A surface transformation is happening in HR that has deeper ramifications. I am talking, of course, about the popular shift away from the name “Human Resources Professional” toward “people officer.” In recent months, I’ve spoken to quite a few experts who have shown some discomfort toward the concept of referring to employees as “resources.” To some, that might make employees seem like a commodity, such as electricity, the Internet, or financial services.
One expert who finds the term “Human Resources” somewhat uncomfortable is expert Paul Burrin, Vice President at Sage People. I had the opportunity to speak with him about this transformation recently. He explained that this transformation has been borne of a “perfect storm” of “different generations in the workplace and the changing nature of work, work styles, a more diverse workplace, flexibility, and remote work, in addition to contingency workers.” Burrin thinks that “as a consequence, there is a bigger shift now toward the worker being the center of gravity. HR recognizes that it’s all about people” now.
The Research Supports Recognition of the Shift
According to recent research by Sage, only 18% of HR leaders said they had already made the change from HR to people, but 94% of respondents said they anticipated such a change in the next 5 years. Burrin interprets that finding as “94% say this shift is real—it’s actually happening.” He added that another “86% of them said it’s not a one-and-done. It’s a journey, and it’s going to play out over a number of years.”
Technology Playing a Big Role
Part of what drives the change toward people from HR involves the pace of technological change in the workplace. In his research, Burrin found that “79% indicated technology was one of the key external drivers for talent,” followed by a war for talent and changing work styles. That affects how organizations approach their workers because “from a technology point of view, the sorts of solutions that worked yesterday that were traditional human capital management (HCM) solutions are obviously having to adapt to this world or new types of solutions are required.” He elaborates that those new solutions would have to be “more employee-centric or work-centric.”

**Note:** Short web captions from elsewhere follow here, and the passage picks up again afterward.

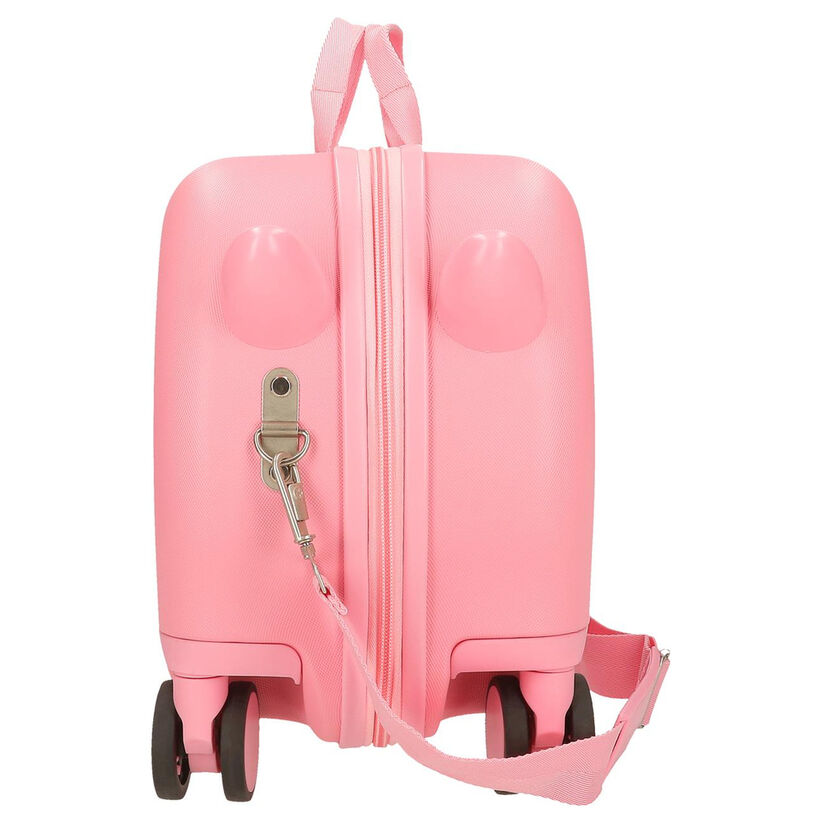 Hello Kitty Kuromi Fortune Telling ABS trolley suitcase 45cm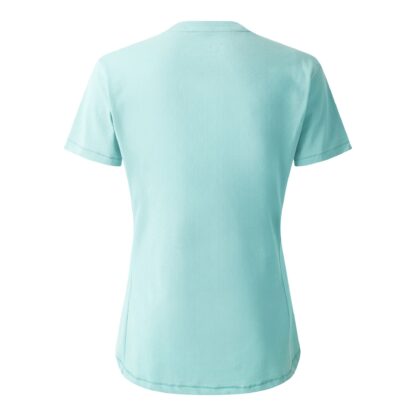 DARE2B LADIES TRANQUILITY TEE AQUIFER - Image 2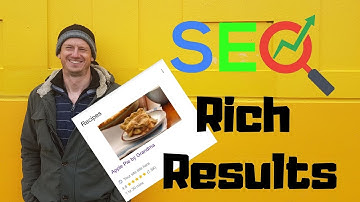 Google Rich Results SEO - How to Add to your website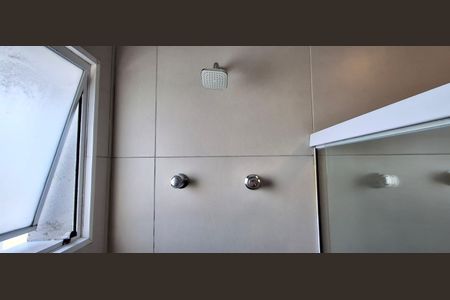 Banheiro  de apartamento para alugar com 1 quarto, 35m² em Centro, Florianópolis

That could represent a real problem. While organizations are increasingly recognizing that technological solutions are a priority (the same research as above found that the top priorities of HR and people teams were “cloud” (43%) and “mobile technology” (36%)), successfully rolling out that technology has historically been an issue. Burrin says, “I think humans probably haven’t learned how to manage technology effectively. We can deploy it easily. It’s all available. But how disciplined are people in terms of how they really use it to make sure that it’s freeing time up for the things that really matter?”
And that’s the crux of issues like the rapid change of technology. I’ve spoken with many HR technology experts and vendors, and they all say the same thing: This technology will free up your HR folks to do the real work. But has it? If it does, how intelligently are organizations filling up that free time? Is it with activities that ensure organizations are evolving with the demands for more equitable workplaces, implementing more successful onboarding, or improving company culture efforts? Do you think that is happening at your organization? In other words, is the new-found free time being spent focusing on people/your employees?

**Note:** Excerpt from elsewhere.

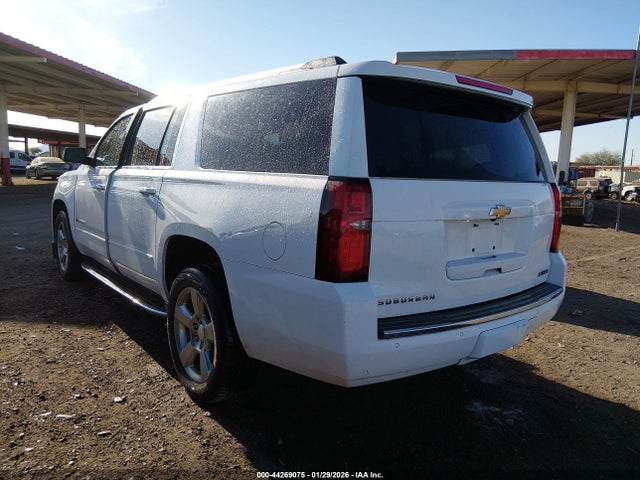 1GNSCJKC4HR289475 Chevrolet Suburban Premier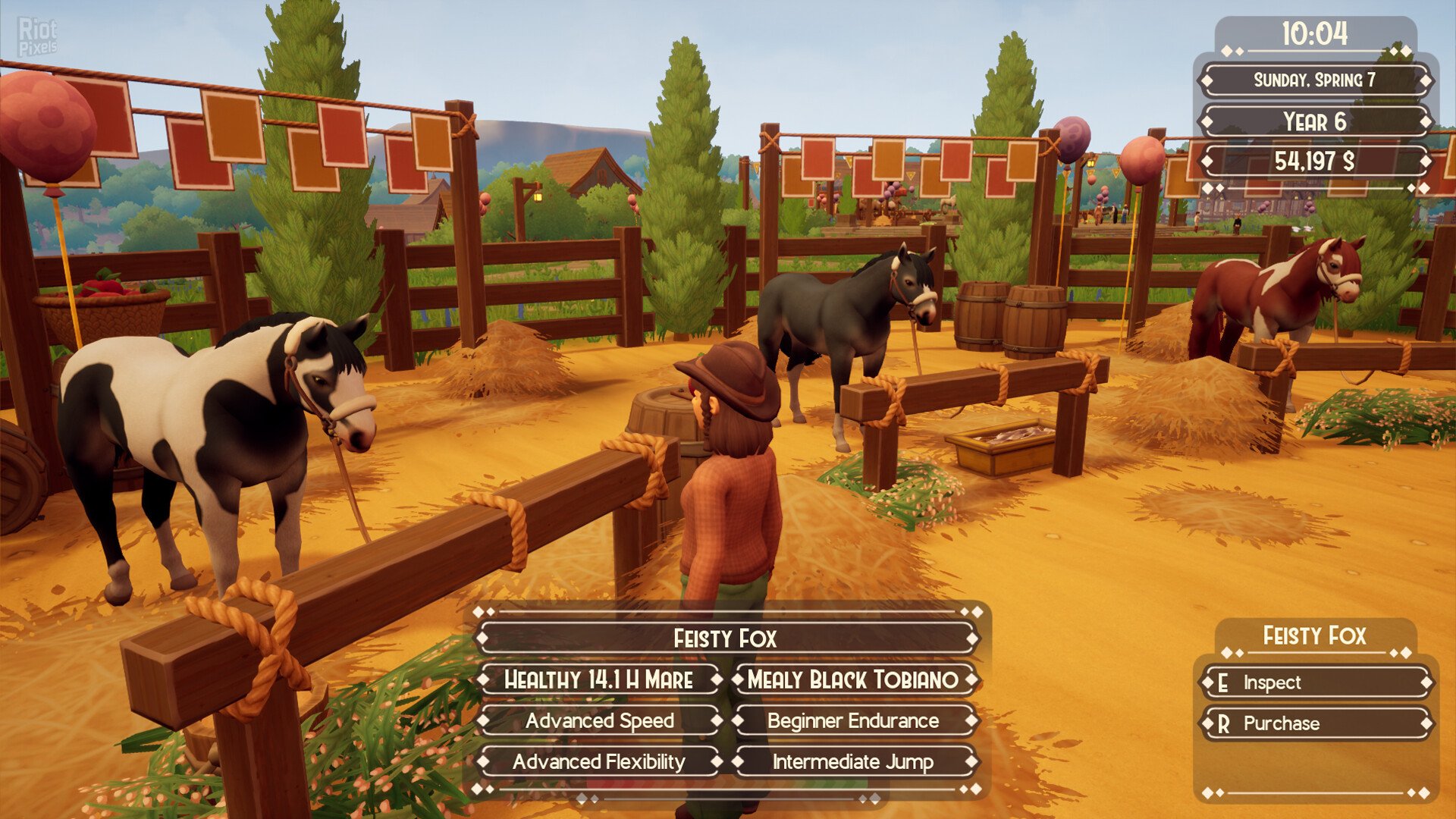 [11]-The Ranch of Rivershine – v1.9.0.3.2 + Bonus Soundtrack Download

“We fill up the time that was available to us in a day,” says Burrin. He adds, “And some of it we don’t have control over, but a lot of it we do. And how do we best use the time we have available?” At the very least, organizations should be asking themselves these questions and start a discussion around making sure that new technologies are helping and that there is a plan in place for what to do should they successfully free up time for HR staff.
Time to Upskill HR
As HR transforms to people, the skills that go along with that transformation will also have to be updated. Burrin says that “about a third of those polled felt that they weren’t really experts in what they did, and that struck me as a high percentage.” I’ve asked every HR professional I know how each got started, and there hasn’t been one who wanted to be in HR from the moment he or she got out of high school. What does that mean? It means that HR is populated by a lot of people who sort of fell into their job. I am not suggesting that HR people are unqualified. What I am suggesting is that as organizations have to get more strategic in how they move forward, we’ll see some serious changes in which HR roles will work and which ones will not.
Burrin suggests that “maybe there’s a whole set of new things that we know are urgently needed and have been for a while. HR professionals may have to be trained in those things.” As the landscape rapidly transforms, organizations are going to need to strategize on precisely how they are going to give their HR professionals the skills needed to survive these transformations. Burrin adds that “communication, marketing, creativity, behavioral psychology, neuroscience, and other disciplines are becoming increasingly important in terms of getting the best out of people and putting people at the center. You’re going to need really different, complementary skill sets.”